Without fail, every time Ruben V takes the stage with Jimmy Spacek, he tells the audience of his admiration for his longtime friend and fellow blues guitarist. To hear Ruben tell it, Jimmy was the lone musician willing to mentor the wild-haired rocker when he arrived in San Antonio in 1986.

The two first crossed paths in the hallways of Edit Point Studios.

“The owner, Donnie Meals, told me about this energetic young guy,” said Jimmy. “He nicknamed him Elvis cuz of his moves. And that was just his moves in the studio. He hadn't even seen him live on stage yet!"

Ruben came to town from Corpus Christi to start over musically.
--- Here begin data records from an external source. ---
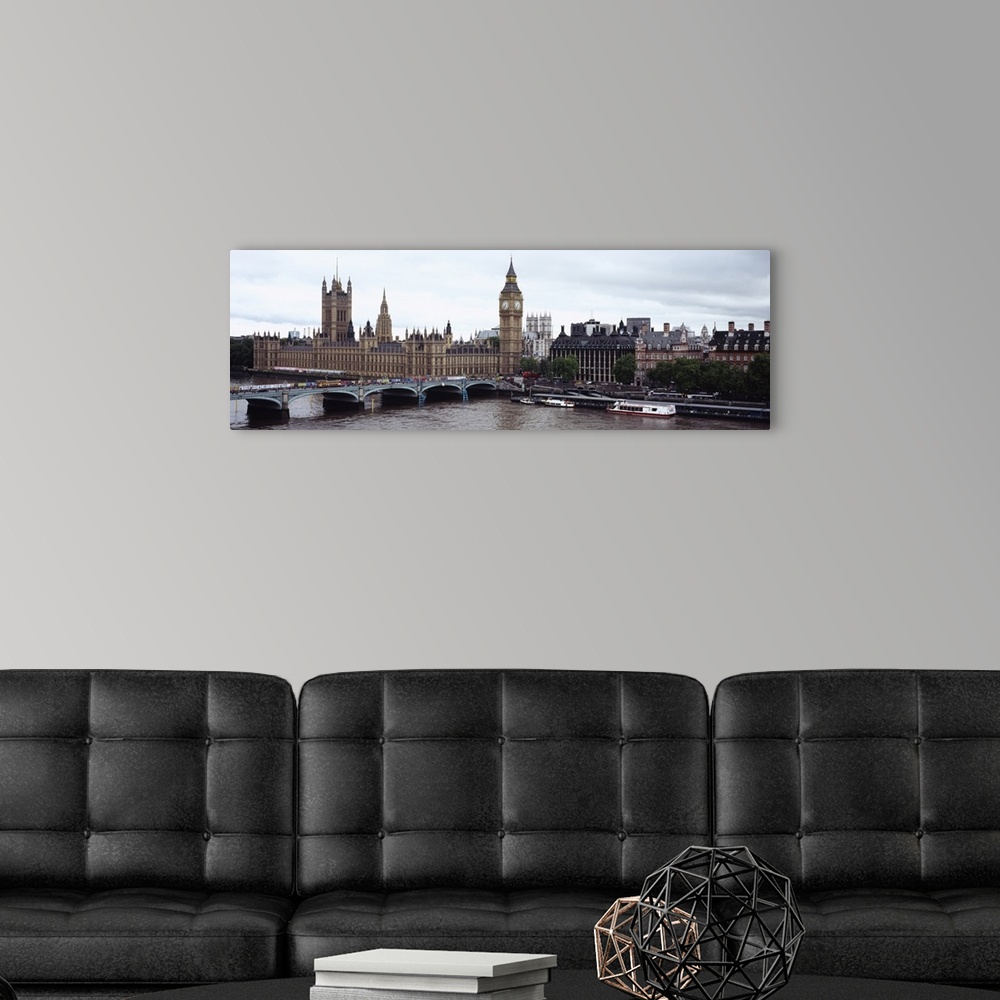 A modern room featuring Panoramic photo of a bridge leading into the city with boats in the river Thames, under a skyline...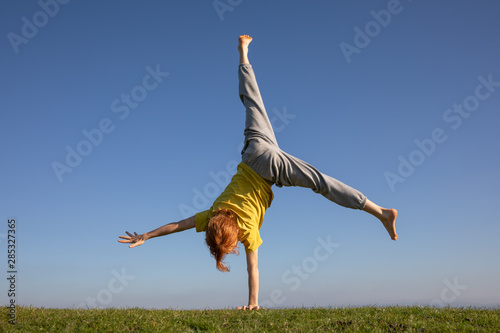 A young red-headed doing a cartwheel.
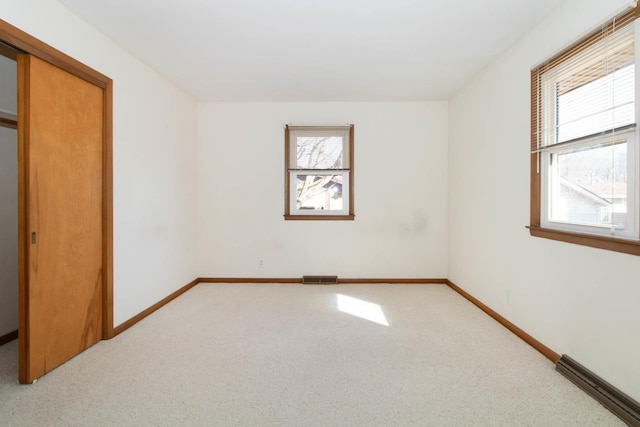 unfurnished bedroom featuring carpet, multiple windows, visible vents, and baseboards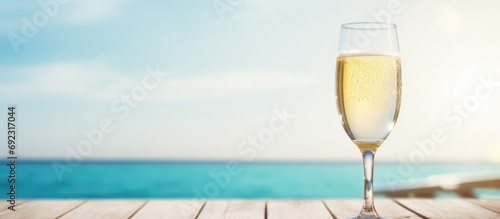Sparkling champagne or prosecco on a white wooden table by the pool in summer.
His whole world changed when he heard Stevie Ray Vaughan.

“I saw him completely by accident. I didn’t know what the blues were. I saw him and that was it. I was so into the heavy metal and hard rock world then I had no clue but seeing Stevie Ray – that was it. It changed my life.”

Ruben threw himself into his new music, but it was hard work. The songwriter and guitarist had never considered himself a singer.

“I wanted to sing and play guitar at the same time. I couldn’t do that at all. It’s harder than people think,” said Ruben.

“So I started booking time at the studio and learning both parts. So I was there one day when Jimmy came in and the engineer, the owner, says, ‘That’s Jimmy Spacek. He’s the man here in town. He’s respected and well-liked.’”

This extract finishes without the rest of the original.